WORK ITEM ▸ Transcribe exactly the entries from the "a hand holding a bag of orange glitter" line to the end, both included, minus pictures.

DATA UNDER STUDY ▸
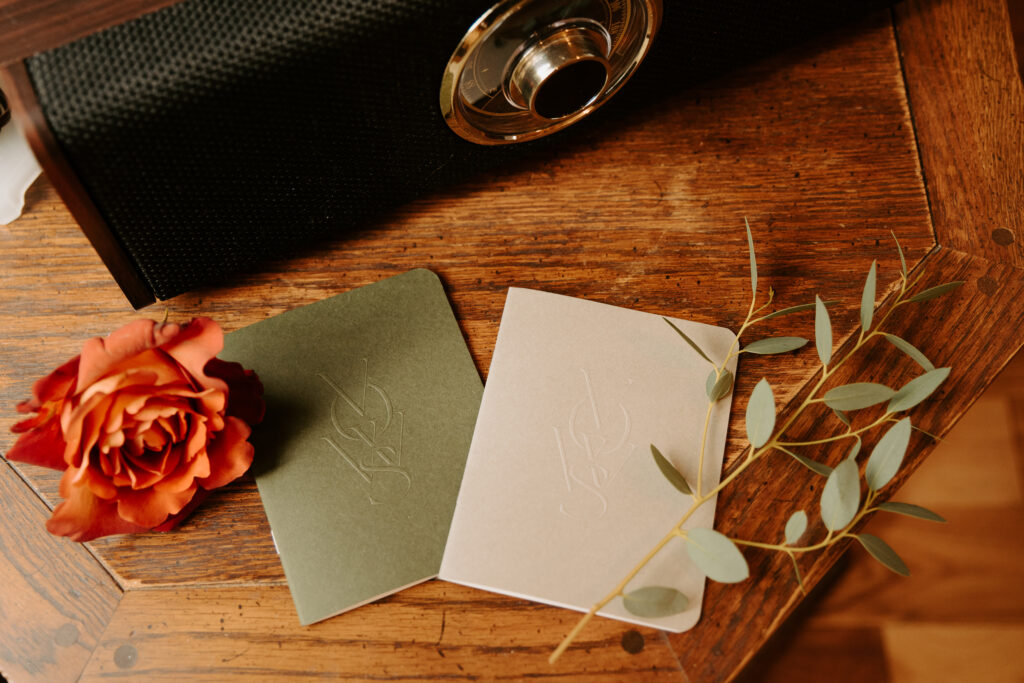 olive green and grey vow books sitting on a side table with a retro record player and burnt orange rose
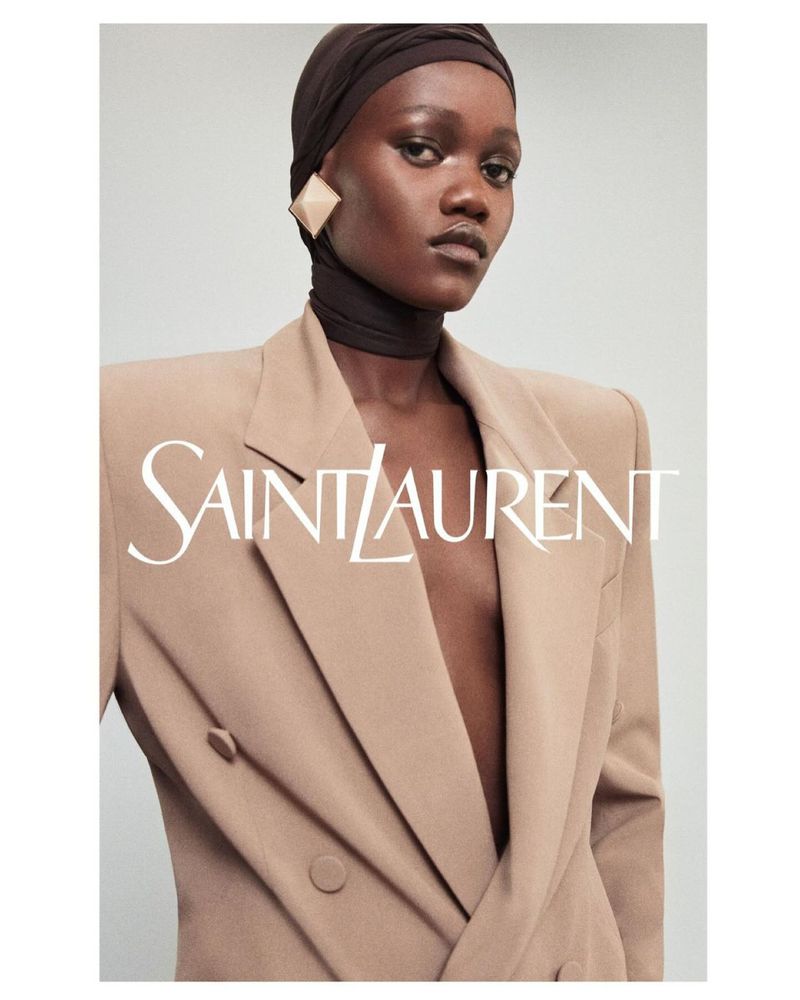 Elegant portrait of a Black woman wearing a turban and double-breasted suit, showcasing diamond earrings and the Saint Laurent logo.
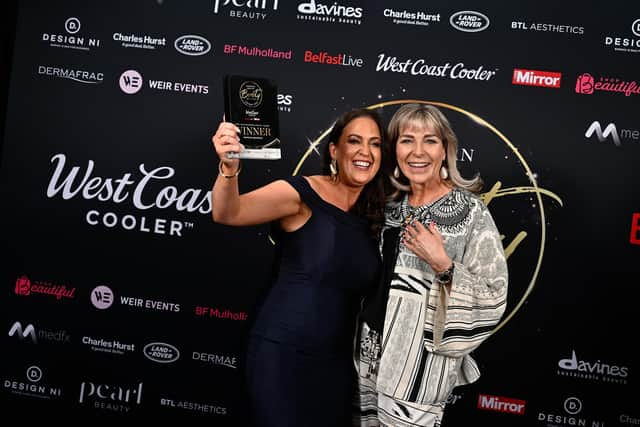 Dr Carla Devlin from Berkeley Aesthetics is presented with the trophy for Mobile  Home-Based Specialist Business of the Year from Kerry Patterson of DermaFrac UK, event partner of NI Beauty Excell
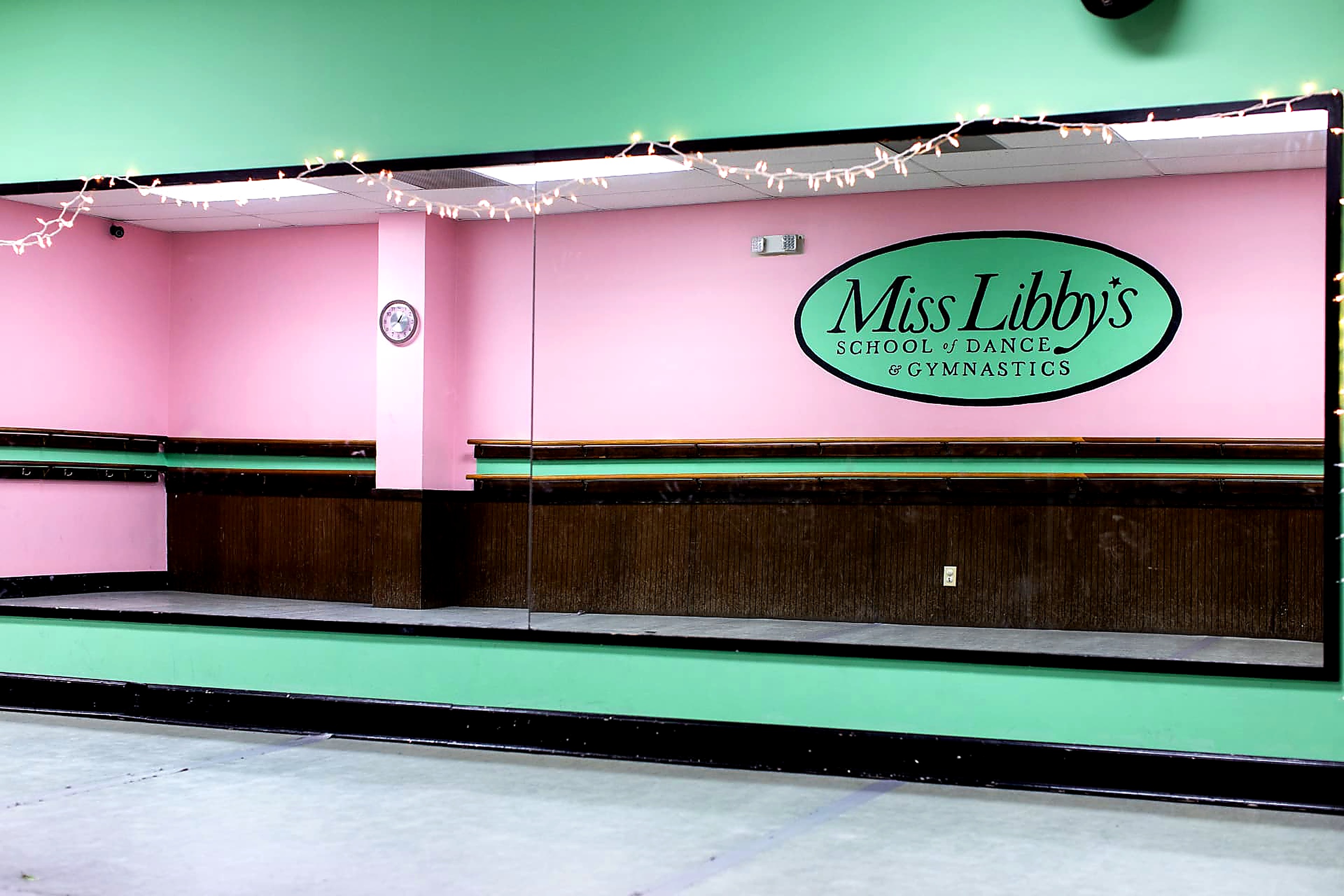 Mint and pink studio with double barres and the Miss Libby's oval logo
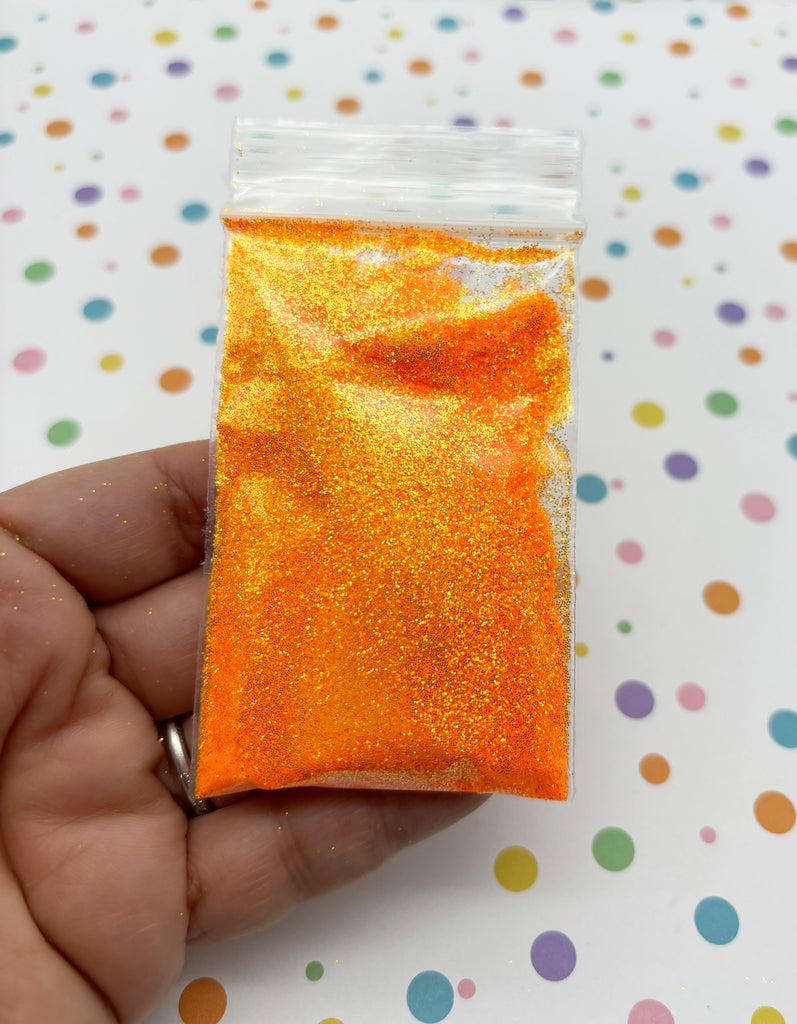 a hand holding a bag of orange glitter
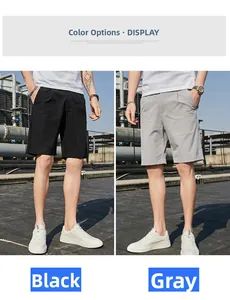 Détail du tissu respirant des shorts décontractés pour hommes en noir et gris chiné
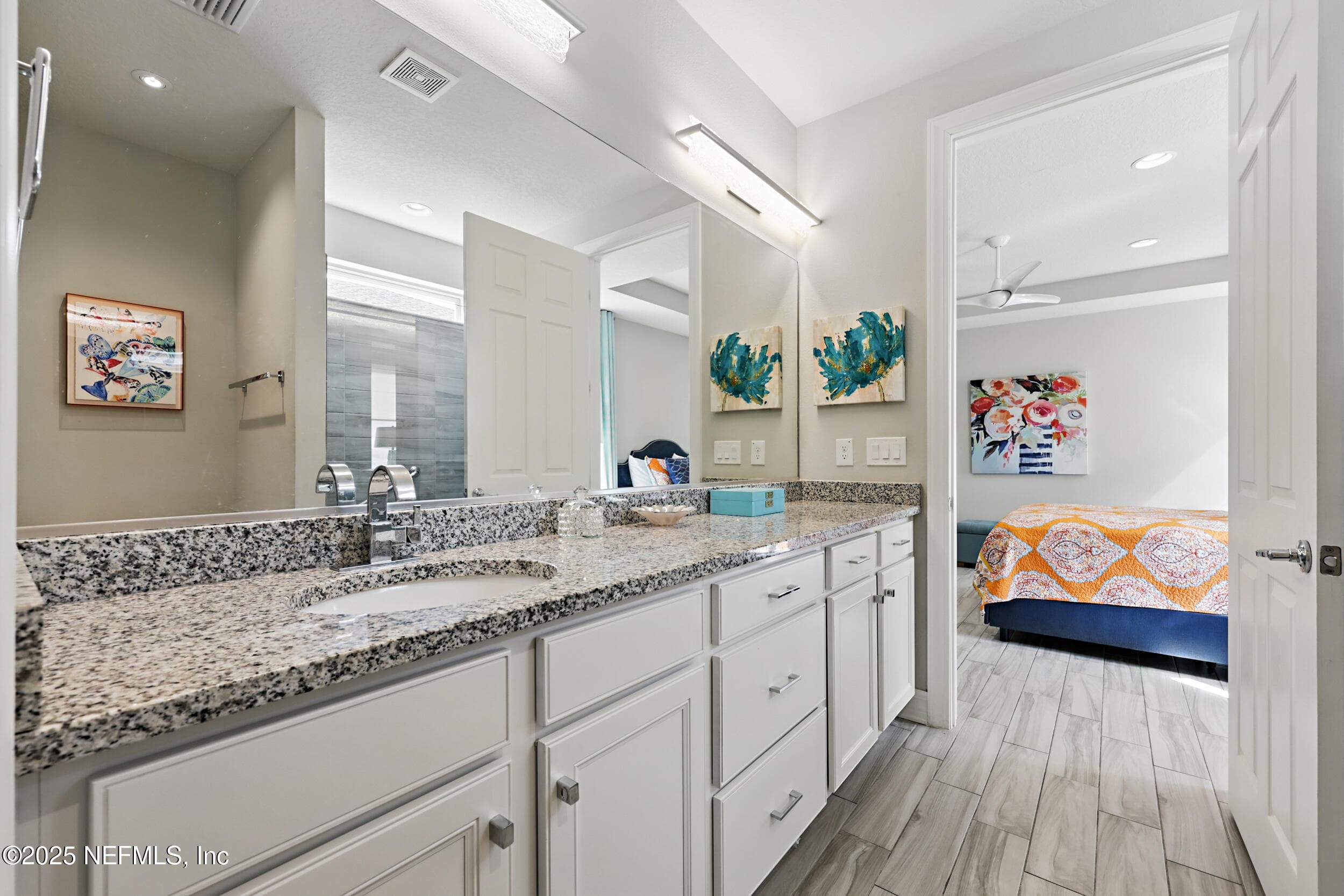 Primary bathroom (double vanity detail) — Primary en-suite with granite double-sink vanity, white shaker cabinetry, brushed nickel hardware, full-width frameless mirror, and open doorway to the primary bedroom with tray ceiling. — 92 CANOPY OAK Lane, Ponte Vedra, FL 32081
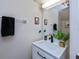 Small bathroom with white vanity, black faucet, and large mirror at 1216 Rio De Janeiro Ave # 306, Punta Gorda, FL 33983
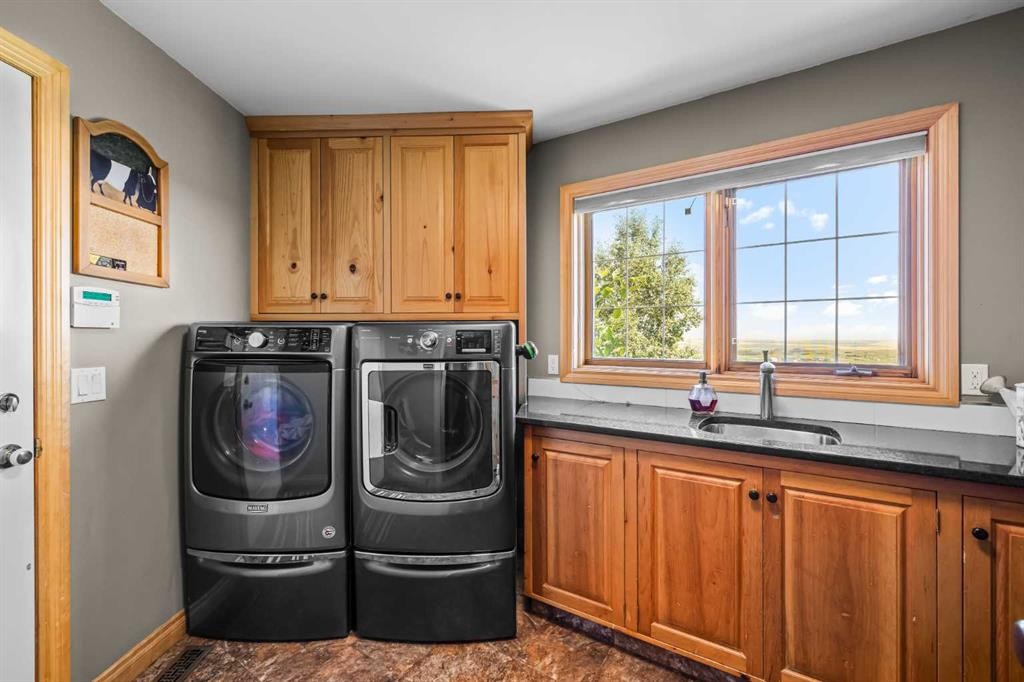 98 Equestrian Drive, Rural Rocky View County, AB - Indoor Photo Showing Laundry Room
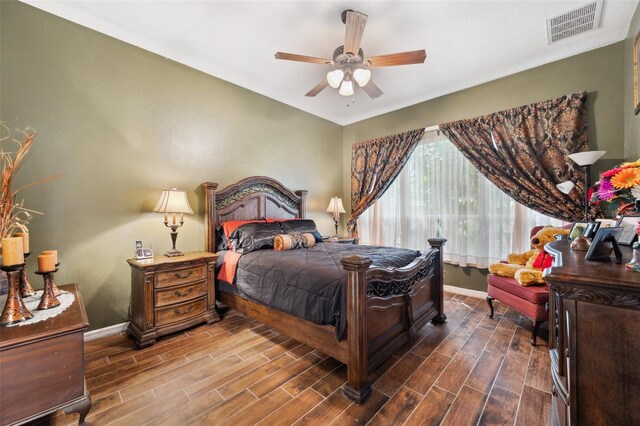 bedroom featuring wood-type flooring and ceiling fan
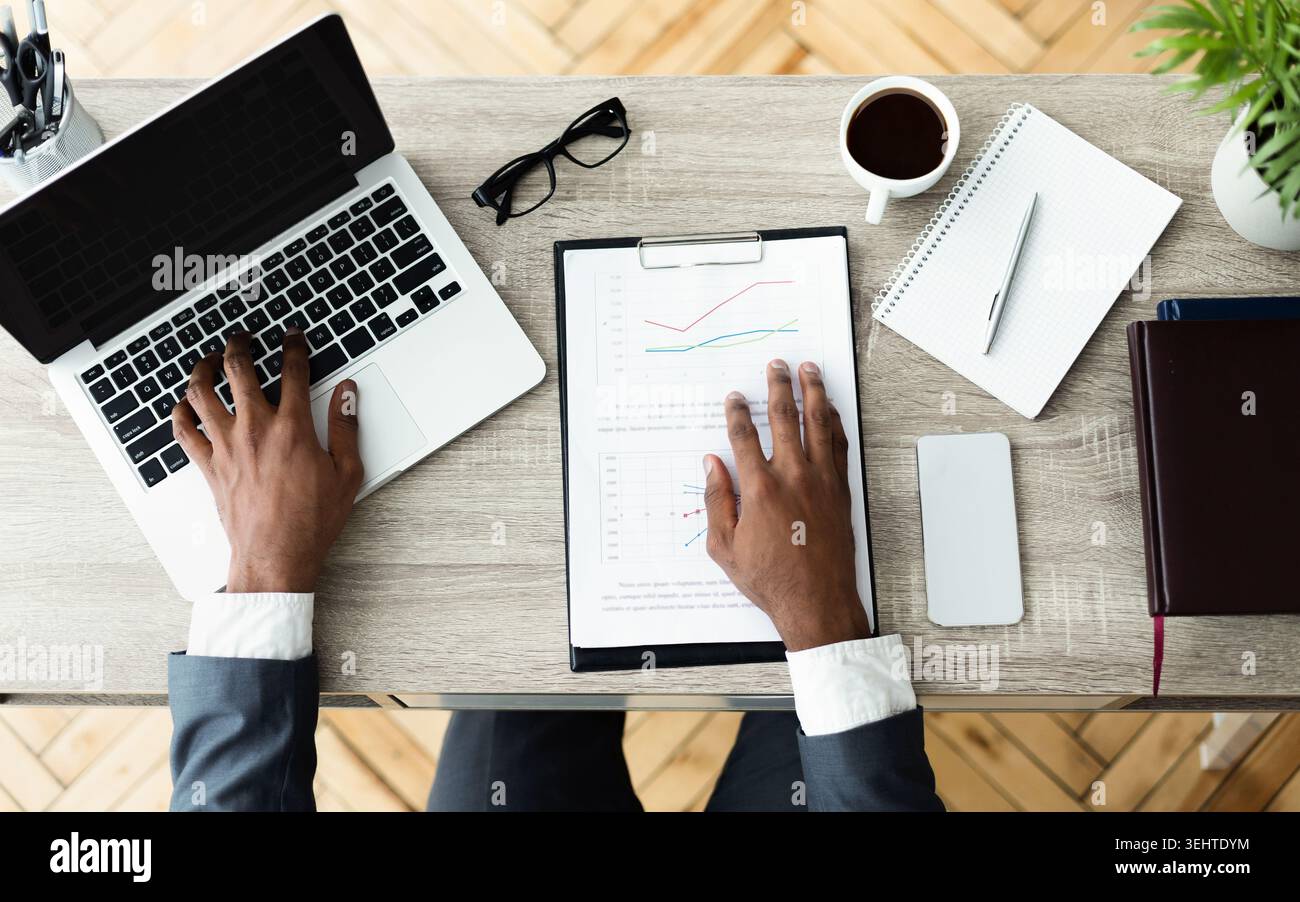 Professionnel de l'entreprise analyser des données sur un ordinateur portable à un bureau en bois dans un bureau moderne Banque D'Images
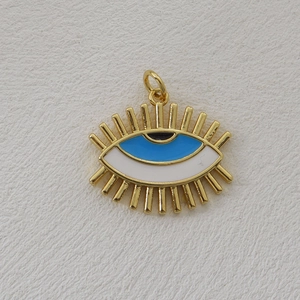 Macro shot of 18k gold-plated evil eye cross pendant with blue and white enamel detail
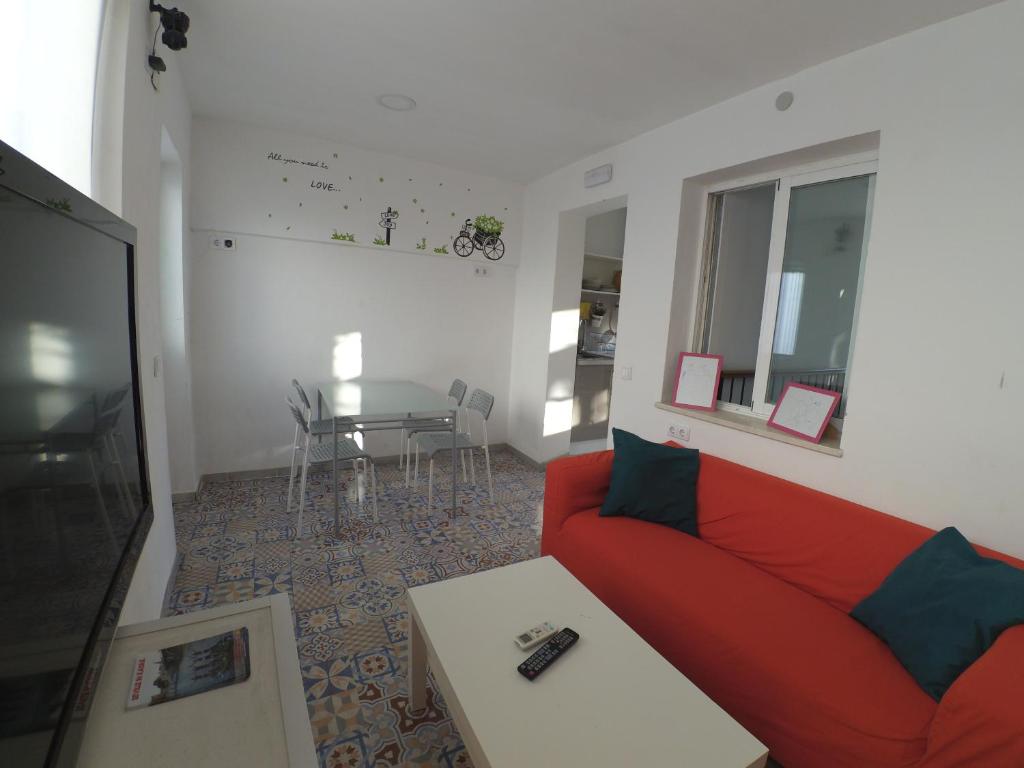 sala de estar con sofá rojo y mesa en The Spot Central Hostel, en Sevilla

RESULT FOR THIS EXERCISE ▸
 a hand holding a bag of orange glitter
 Détail du tissu respirant des shorts décontractés pour hommes en noir et gris chiné
 Primary bathroom (double vanity detail) — Primary en-suite with granite double-sink vanity, white shaker cabinetry, brushed nickel hardware, full-width frameless mirror, and open doorway to the primary bedroom with tray ceiling. — 92 CANOPY OAK Lane, Ponte Vedra, FL 32081
 Small bathroom with white vanity, black faucet, and large mirror at 1216 Rio De Janeiro Ave # 306, Punta Gorda, FL 33983
 98 Equestrian Drive, Rural Rocky View County, AB - Indoor Photo Showing Laundry Room
 bedroom featuring wood-type flooring and ceiling fan
 Professionnel de l'entreprise analyser des données sur un ordinateur portable à un bureau en bois dans un bureau moderne Banque D'Images
 Macro shot of 18k gold-plated evil eye cross pendant with blue and white enamel detail
 sala de estar con sofá rojo y mesa en The Spot Central Hostel, en Sevilla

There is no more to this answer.